With a host of different regulatory bodies in the U.S., it is difficult to know who is regulating what, said Funding Circle's general counsel, Conor French. He pointed out that the regulatory environment in the U.K. is easier to navigate for online lenders who are overseen directly by the country's Financial Conduct Authority.
Lauren Saunders, associate director at the National Consumer Law Center, pointed to the need to "flush out the bad actors" from the marketplace lending industry. French, who helped found the Marketplace Lending Association, affirmed the marketplace lenders' desire to differentiate themselves from other "online lenders" who operate more like payday lenders. The MLA was launched April 6 by Funding Circle, LendingClub Corp. and Prosper Marketplace Inc. to facilitate "broader conversations" about responsible innovation, French said.
French of Funding Circle pointed out that the traditional lending choices in the financial services industry are not working. They are leaving many consumers "underserved and underbanked," he said. French said that in recognizing those "gaps" in the system, marketplace lenders are eager to work with regulators.

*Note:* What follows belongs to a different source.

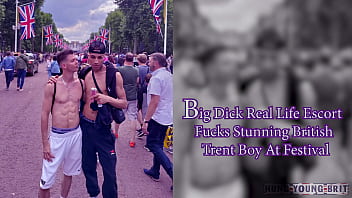 Твинк-эскортница с большим хуем трахает потрясающего 19-летнего британского мальчика Трента на фестивале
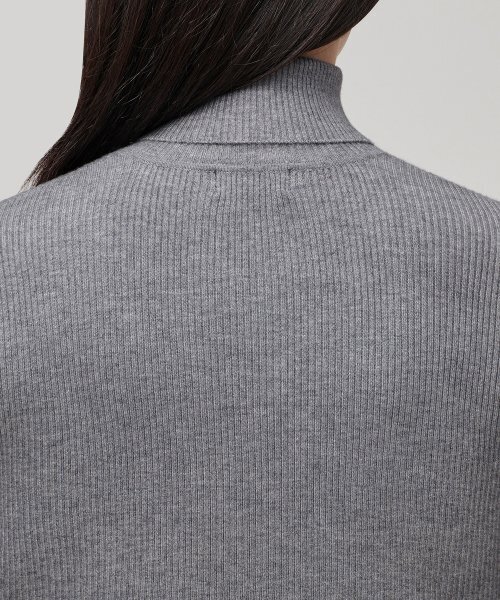 MUSINSA STANDARD WOMAN（ムシンサスタンダードウーマン）の「レディースリブ編みスリムタートルネックニット[ミディアムグレー]（ニット/セーター・レディース・その他・MEDIUM/LARGE/X-SMALL/SMALL）」の10枚目の写真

In her closing remarks, Jessica Rich, director of the Bureau of Consumer Protection at the FTC, said that it is "encouraging to learn that marketplace lenders are taking proactive steps to self-regulate." Still, she pointed out that self-regulation is "not enough."
"To be meaningful, these types of efforts need robust procedures to monitor compliance and tangible consequences when the rules aren't followed," Rich said. "Otherwise, you can't be sure that companies have the incentive to comply or are complying," she added.